Polish survivors lead Holocaust program at Long Island's polish American Museum
November 10, 2007
Former Polish Boy Scout Michael Madejski's account of his experiences during the German occupation of Poland in World War II fascinated the American Boy Scouts who visited the Polish American Museum in Port Washington, N.Y.
Their visit to the Museum was part of "Embracing Our Differences Month" on Long Island in which area museums opened their facilities to local student groups.
Mr. Madejski was a member of the Polish Scout Troop ZOSKA at the time Hitler invaded Poland in 1939. The scouts were a big help to Poland's underground resistance as couriers and in the sabotage of German military movements.

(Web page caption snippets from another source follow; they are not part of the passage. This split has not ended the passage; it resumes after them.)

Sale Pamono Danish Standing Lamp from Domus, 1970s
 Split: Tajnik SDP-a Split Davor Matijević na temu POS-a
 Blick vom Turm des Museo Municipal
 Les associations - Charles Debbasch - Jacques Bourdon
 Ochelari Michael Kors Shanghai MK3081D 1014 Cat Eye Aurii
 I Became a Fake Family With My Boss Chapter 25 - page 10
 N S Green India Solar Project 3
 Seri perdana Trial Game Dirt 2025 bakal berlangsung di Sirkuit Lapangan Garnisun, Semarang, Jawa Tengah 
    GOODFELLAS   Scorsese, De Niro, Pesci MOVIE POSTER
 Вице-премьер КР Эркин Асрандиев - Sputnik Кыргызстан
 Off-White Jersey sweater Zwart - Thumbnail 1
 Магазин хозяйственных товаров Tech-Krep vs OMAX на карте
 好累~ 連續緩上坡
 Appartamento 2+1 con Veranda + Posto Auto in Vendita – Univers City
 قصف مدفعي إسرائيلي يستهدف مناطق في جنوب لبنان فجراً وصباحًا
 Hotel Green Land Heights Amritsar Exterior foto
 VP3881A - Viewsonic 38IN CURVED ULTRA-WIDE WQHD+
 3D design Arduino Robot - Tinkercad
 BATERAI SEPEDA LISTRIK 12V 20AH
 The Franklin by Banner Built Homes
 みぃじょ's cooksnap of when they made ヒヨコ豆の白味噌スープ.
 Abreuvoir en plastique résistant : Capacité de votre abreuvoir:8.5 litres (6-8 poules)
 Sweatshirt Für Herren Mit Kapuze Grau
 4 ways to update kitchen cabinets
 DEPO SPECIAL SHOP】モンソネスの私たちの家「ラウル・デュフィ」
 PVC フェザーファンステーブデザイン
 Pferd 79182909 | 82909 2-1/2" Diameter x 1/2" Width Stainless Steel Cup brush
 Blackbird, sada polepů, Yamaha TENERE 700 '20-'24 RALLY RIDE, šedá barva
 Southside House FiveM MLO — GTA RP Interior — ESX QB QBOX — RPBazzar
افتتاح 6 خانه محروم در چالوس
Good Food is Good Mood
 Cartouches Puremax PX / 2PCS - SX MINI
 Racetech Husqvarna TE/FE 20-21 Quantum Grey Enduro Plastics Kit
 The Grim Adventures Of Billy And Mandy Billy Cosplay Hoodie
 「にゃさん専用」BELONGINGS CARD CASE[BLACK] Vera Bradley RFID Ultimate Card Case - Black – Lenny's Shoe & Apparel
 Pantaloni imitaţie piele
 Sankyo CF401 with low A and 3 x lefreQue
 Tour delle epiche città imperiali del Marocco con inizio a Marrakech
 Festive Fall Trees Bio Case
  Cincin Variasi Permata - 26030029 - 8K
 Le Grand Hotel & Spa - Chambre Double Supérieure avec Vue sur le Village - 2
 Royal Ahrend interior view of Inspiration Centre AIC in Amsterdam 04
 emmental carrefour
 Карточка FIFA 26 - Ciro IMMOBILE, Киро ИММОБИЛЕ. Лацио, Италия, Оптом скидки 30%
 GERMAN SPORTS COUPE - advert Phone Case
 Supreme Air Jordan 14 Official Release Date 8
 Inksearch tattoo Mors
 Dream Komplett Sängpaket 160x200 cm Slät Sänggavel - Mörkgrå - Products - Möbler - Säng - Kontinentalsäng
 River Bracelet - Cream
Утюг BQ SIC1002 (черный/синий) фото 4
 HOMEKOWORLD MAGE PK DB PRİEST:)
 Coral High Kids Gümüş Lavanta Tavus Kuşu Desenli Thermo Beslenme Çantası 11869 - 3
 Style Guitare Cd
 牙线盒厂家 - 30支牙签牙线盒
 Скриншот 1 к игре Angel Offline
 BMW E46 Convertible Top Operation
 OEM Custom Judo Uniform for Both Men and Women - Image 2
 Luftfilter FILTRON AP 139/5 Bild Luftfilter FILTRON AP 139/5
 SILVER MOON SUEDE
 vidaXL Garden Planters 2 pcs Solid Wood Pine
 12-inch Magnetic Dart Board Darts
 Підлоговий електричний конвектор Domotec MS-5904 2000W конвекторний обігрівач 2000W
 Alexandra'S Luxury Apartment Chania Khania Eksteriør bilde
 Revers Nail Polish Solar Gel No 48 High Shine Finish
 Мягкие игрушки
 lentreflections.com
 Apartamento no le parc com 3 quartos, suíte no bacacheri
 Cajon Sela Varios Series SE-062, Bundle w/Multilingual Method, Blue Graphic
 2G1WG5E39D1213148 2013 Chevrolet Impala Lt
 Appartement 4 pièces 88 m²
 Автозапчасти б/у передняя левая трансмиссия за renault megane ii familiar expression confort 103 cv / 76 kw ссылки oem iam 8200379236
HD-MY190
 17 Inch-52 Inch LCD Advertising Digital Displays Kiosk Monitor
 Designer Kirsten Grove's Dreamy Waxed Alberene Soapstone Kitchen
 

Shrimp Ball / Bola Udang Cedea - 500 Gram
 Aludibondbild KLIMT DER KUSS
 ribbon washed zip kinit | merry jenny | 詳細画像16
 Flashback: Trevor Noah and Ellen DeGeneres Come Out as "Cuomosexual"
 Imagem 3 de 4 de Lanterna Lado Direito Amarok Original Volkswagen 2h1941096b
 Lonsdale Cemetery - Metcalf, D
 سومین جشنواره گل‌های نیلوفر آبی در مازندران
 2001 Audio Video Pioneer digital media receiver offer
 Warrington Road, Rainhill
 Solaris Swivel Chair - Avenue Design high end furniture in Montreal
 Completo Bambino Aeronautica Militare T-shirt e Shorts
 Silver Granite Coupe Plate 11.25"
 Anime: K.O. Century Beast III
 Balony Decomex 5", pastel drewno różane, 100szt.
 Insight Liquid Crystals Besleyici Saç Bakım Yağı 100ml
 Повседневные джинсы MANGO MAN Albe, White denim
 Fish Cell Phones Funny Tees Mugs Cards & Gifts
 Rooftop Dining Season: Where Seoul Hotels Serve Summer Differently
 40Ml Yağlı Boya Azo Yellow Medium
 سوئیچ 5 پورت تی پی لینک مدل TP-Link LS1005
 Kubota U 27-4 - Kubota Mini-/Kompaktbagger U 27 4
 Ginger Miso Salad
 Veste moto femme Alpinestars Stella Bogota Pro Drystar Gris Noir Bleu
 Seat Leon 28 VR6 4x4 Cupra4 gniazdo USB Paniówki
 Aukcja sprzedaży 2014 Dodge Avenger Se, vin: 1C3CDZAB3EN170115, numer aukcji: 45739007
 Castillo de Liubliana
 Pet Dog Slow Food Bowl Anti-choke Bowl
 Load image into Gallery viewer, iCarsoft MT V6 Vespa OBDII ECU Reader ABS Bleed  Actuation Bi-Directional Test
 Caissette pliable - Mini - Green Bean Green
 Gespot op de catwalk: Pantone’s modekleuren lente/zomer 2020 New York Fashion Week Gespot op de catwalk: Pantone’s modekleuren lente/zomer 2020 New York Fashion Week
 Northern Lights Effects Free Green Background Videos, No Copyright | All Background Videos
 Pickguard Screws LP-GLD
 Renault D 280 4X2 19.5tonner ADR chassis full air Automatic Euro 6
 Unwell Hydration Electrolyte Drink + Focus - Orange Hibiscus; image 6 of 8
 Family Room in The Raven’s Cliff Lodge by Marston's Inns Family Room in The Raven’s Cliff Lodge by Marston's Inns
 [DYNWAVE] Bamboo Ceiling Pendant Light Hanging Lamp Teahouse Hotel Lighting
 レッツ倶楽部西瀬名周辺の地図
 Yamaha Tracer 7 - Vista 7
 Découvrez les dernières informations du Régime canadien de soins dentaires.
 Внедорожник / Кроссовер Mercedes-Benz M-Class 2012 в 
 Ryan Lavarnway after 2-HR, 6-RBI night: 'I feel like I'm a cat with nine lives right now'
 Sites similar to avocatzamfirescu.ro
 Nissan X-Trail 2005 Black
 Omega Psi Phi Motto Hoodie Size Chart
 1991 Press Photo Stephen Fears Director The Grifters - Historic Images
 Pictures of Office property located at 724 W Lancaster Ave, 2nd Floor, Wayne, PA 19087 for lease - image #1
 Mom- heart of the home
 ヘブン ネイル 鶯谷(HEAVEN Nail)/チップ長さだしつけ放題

During the Warsaw Uprising of August 1944, the scouts liberated and set free 350 Jews the Nazis kept captive in a concentration camp in the heart of the city.
For their heroic act, Israel today honors the scouts of ZOSKA as "Righteous Among the Nations" at the Yad Vashem Holocaust Memorial.
Other Polish survivors telling their story to the visiting scouts and students were Wanda Lorenc, a survivor of the Ravensbruck and Spandau Concentration Camps and Bozenna Urbanowicz-Gilbride whom the Germans forced into slave labor when she was only a child.
Mr. Madejski, Mrs. Lorenc and Mrs. Urbanowicz-Gilbride are members of the Holocaust Documentation Committee of the Polish American Congress.
The Polish American Museum is located at 16 Bellevue Avenue in Port Washington, N.Y.